84th AMS Annual Meeting

Tuesday, 13 January 2004: 11:15 AM
Mixing height variations in a coastal megacity inferred from lidar, profiler, sonde, microwave temperature profiler, and aircraft
Room 612
Christina Smith, Texas A&M University, College Station, TX; and C. Senff, J. Nielsen-Gammon, A. White, W. Angevine, C. Berkowitz, M. Mahoney, S. O. Han, and C. Doran
Knowledge of the planetary boundary layer (PBL) structure, especially its depth and the mixing layer (ML) height, is important for understanding the various processes in the atmosphere and properly predicting and simulating pollution episodes. Different instruments used for inferring ML height have different strengths and are often appropriate only in certain conditions. Even under optimal conditions, differences among various ML estimates can result from separate instruments using a different variable assumption as to which feature best defines the depth of the mixed layer.

During TexAQS-2000 in Houston, an unusually large number of instruments were deployed with the ability to measure ML height. Available instruments included six boundary layer profilers, three radiosonde sites, an airborne lidar, three other instrumented aircraft, and a microwave temperature profiler. The latter instrument was used for PBL measurements for the first time during TexAQS-2000.

We compare and contrast the various measurements of ML height during selected high ozone days in the Houston area. The various measurements are in general agreement, although the agreement decreases as signatures of PBL structure become ambiguous.

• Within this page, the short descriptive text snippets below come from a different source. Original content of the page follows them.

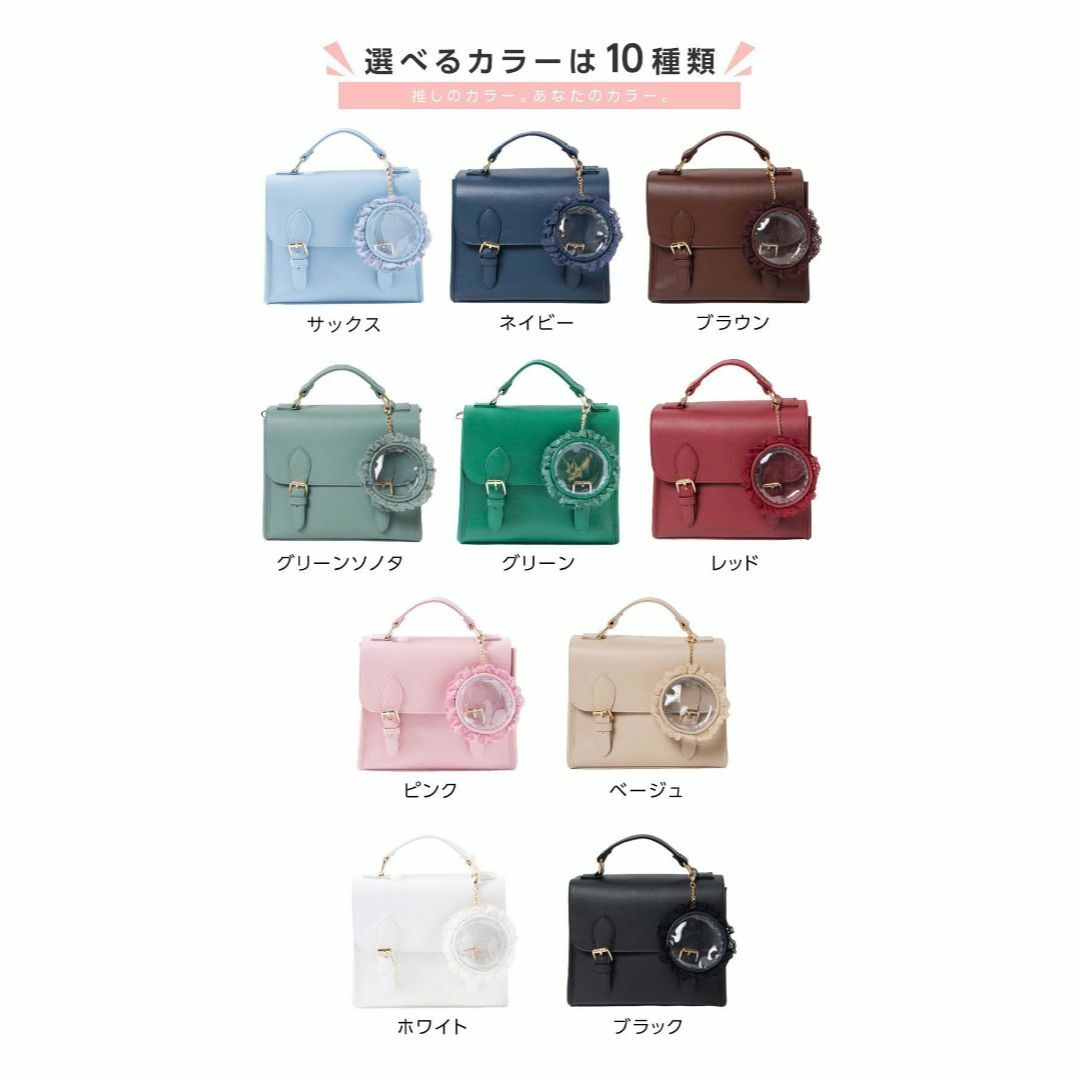 【色: ブラウン】ウィゴー 2WAY サッチェル ショルダーバッグ 痛バ クリア 1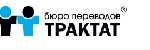 Компания TRAKTAT предлагает услуги устного перевода. Предоставим опытного переводчика практически любого европейского или азиатского языка. Мы – одна из самых крупных переводческих организаций в РФ. Р ...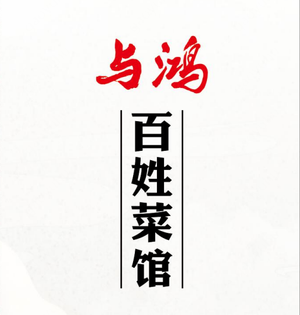 Yu Hong People's Kitchen (Da Ding Fang Branch)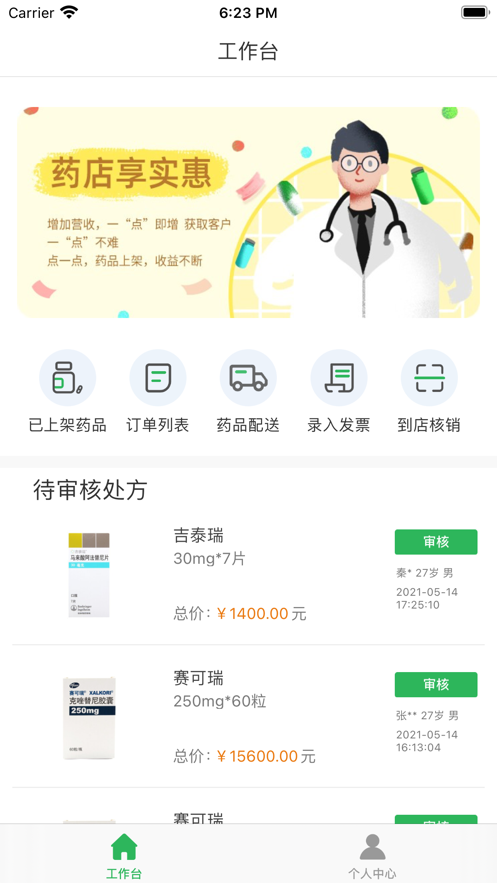 药汇保app官网版图3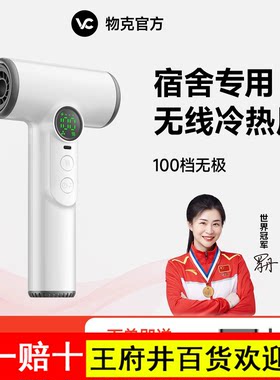 物克高速USB充电无线吹风机宿舍用学生不插电大风力速干护发联考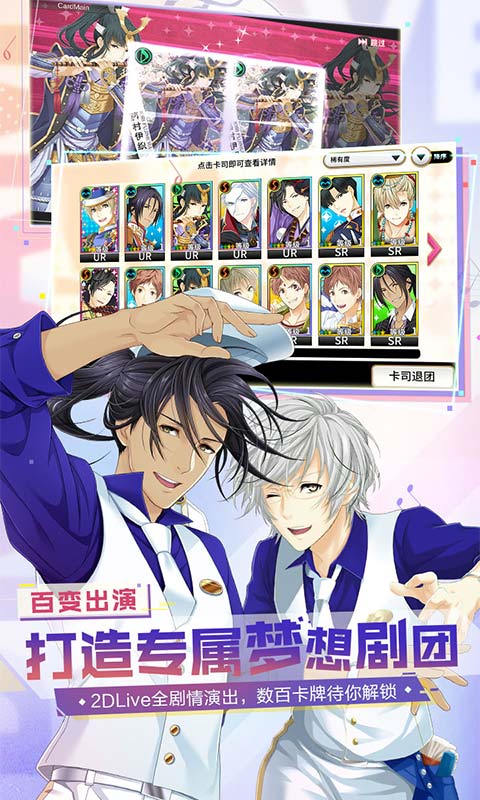 梦色卡司汉化版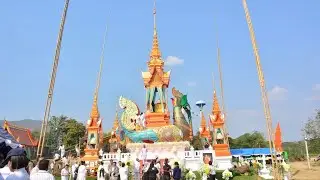 พิธีอื่อกะโลงขอขมาและอาราธนาสรีระสังขาร พระครูจันทรัตโนภาส ขึ้นนอนบนปราสาท (๕ ก.พ ๒๕๖๘)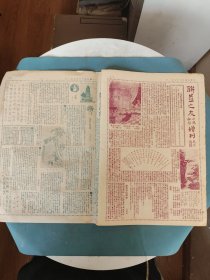 民国16年 联益之友(第25期)一张4版＋增刊2版 滇南夷种记/刘科长印送验方等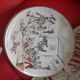 6 Terre de Fer Choisy plates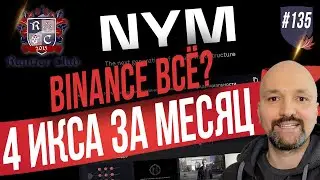 BINANCE  всё? Токенсейл NYM на Coinlist. Криптопортфель на 2 года.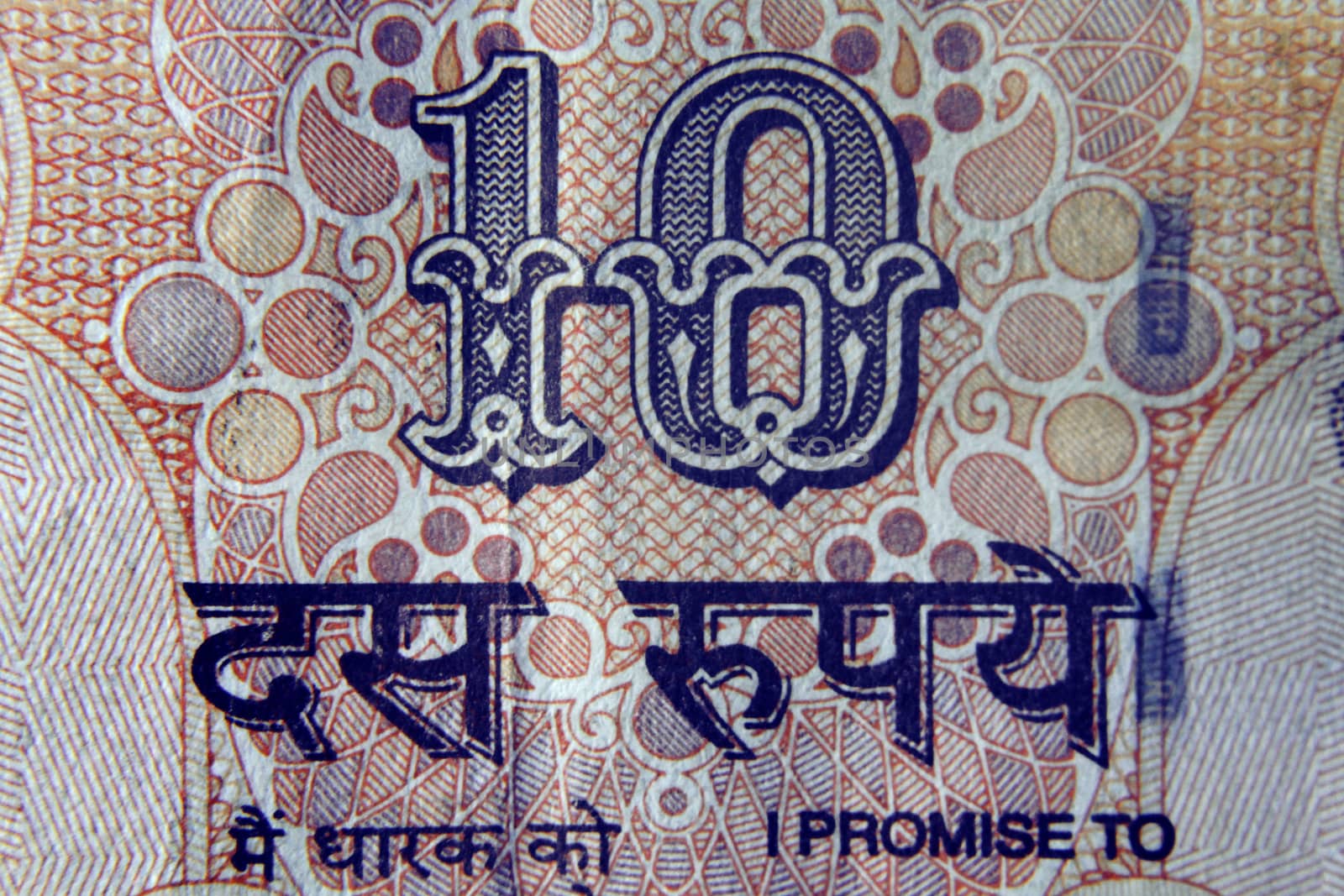 Ten rupee written in Hindi language on Ten rupee banknote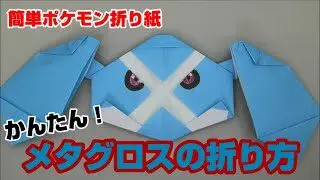 折り紙ポケモン 折紙180枚で出来る 3d ピカチュウ Diy How To Make A Origami Pokemon ズボラママのハンドメイド 折り紙モンスター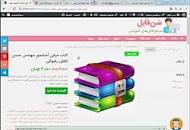 Image result for ‫دانلود کتاب هستی،فضا و معماری مهندس محمد حسن حافظی‬‎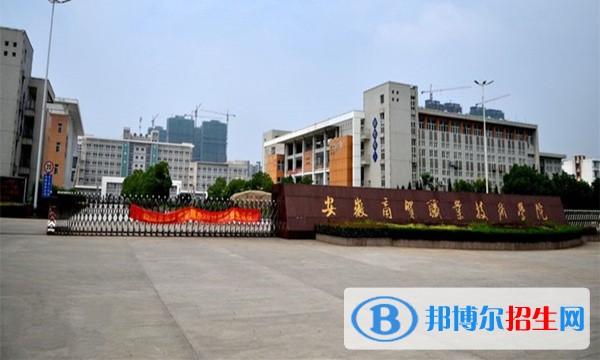 安徽商貿(mào)職業(yè)技術(shù)學(xué)院單招報(bào)名條件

No single instrument is adequate by itself, but together the measurements provide a comprehensive depiction of ML height in the Houston area as a function of both space and time.

We find that ML height variations in the Houston area are modulated primarily by the presence of the neighboring Galveston Bay and Gulf of Mexico. During onshore flow conditions, a strong afternoon gradient of ML depth is typically present between Houston and the coast. Under lighter wind conditions, the ML height is subject to larger local-scale variations, and some indication of a deeper ML is found over the center of Houston. Large spatial variations are also present when the environmental stratification is weak. Over Galveston Bay, a residual layer of continental air is typically present over the local marine boundary layer, and this residual layer is depressed downward by the subsidence and low-level divergence induced by the land-sea temperature contrast. Under particular wind conditions, the residual layer has been shown to consist of polluted urban air which undergoes photochemistry over Galveston Bay prior to being advected over land and mixed to the surface.